I wrote my first line of code in 1983. I was seven years old, typing BASIC into a machine that had less processing power than the chip in your washing machine. I understood that machine completely. Every byte of RAM had a purpose I could trace. Every pixel on screen was there because I’d put it there. The path from intention to result was direct, visible, and mine.

Forty-two years later, I’m sitting in front of hardware that would have seemed like science fiction to that kid, and I’m trying to figure out what “building things” even means anymore.

This isn’t a rant about AI. It’s not a “back in my day” piece. It’s something I’ve been circling for months, and I think a lot of experienced developers are circling it too, even if they haven’t said it out loud yet.

The era that made me

My favourite period of computing runs from the 8-bits through to about the 486DX2-66. Every machine in that era had character. The Sinclair Spectrum with its attribute clash.

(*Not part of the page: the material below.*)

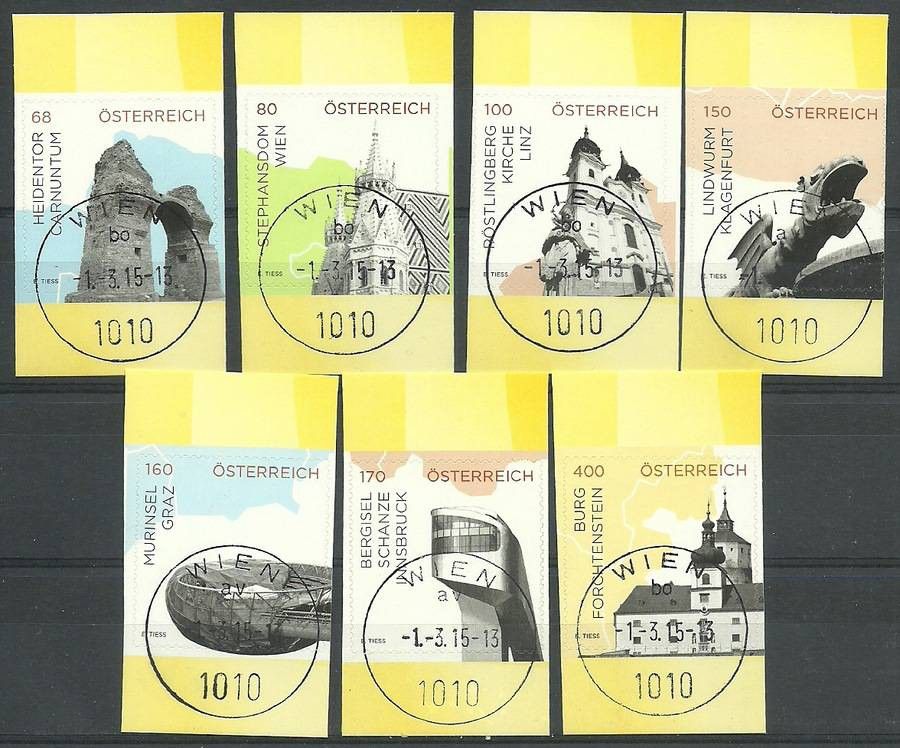 Znaczek Austria 2015 Mi 3191+33193-3198 Stemplowane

The Commodore 64 with its SID chip doing things the designers never intended. The NES with its 8-sprite-per-scanline limit that made developers invent flickering tricks to cheat the hardware. And the PC — starting life as a boring beige box for spreadsheets, then evolving at breakneck pace through the 286, 386, and 486 until it became a gaming powerhouse that could run Doom. You could feel each generation leap. Upgrading your CPU wasn’t a spec sheet exercise — it was transformative.

These weren’t just products. They were engineering adventures with visible tradeoffs. You had to understand the machine to use it. IRQ conflicts, DMA channels, CONFIG.SYS and AUTOEXEC.BAT optimisation, memory managers — getting a game to run was the game. You weren’t just a user. You were a systems engineer by necessity.

And the software side matched. Small teams like id Software were going their own way, making bold technical decisions because nobody had written the rules yet. Carmack’s raycasting in Wolfenstein, the VGA Mode X tricks in Doom — these were people pushing against real constraints and producing something genuinely new. Creative constraints bred creativity.

Then it professionalised. Plug and Play arrived. Windows abstracted everything. The Wild West closed. Computers stopped being fascinating, cantankerous machines that demanded respect and understanding, and became appliances. The craft became invisible.

But it wasn’t just the craft that changed. The promise changed.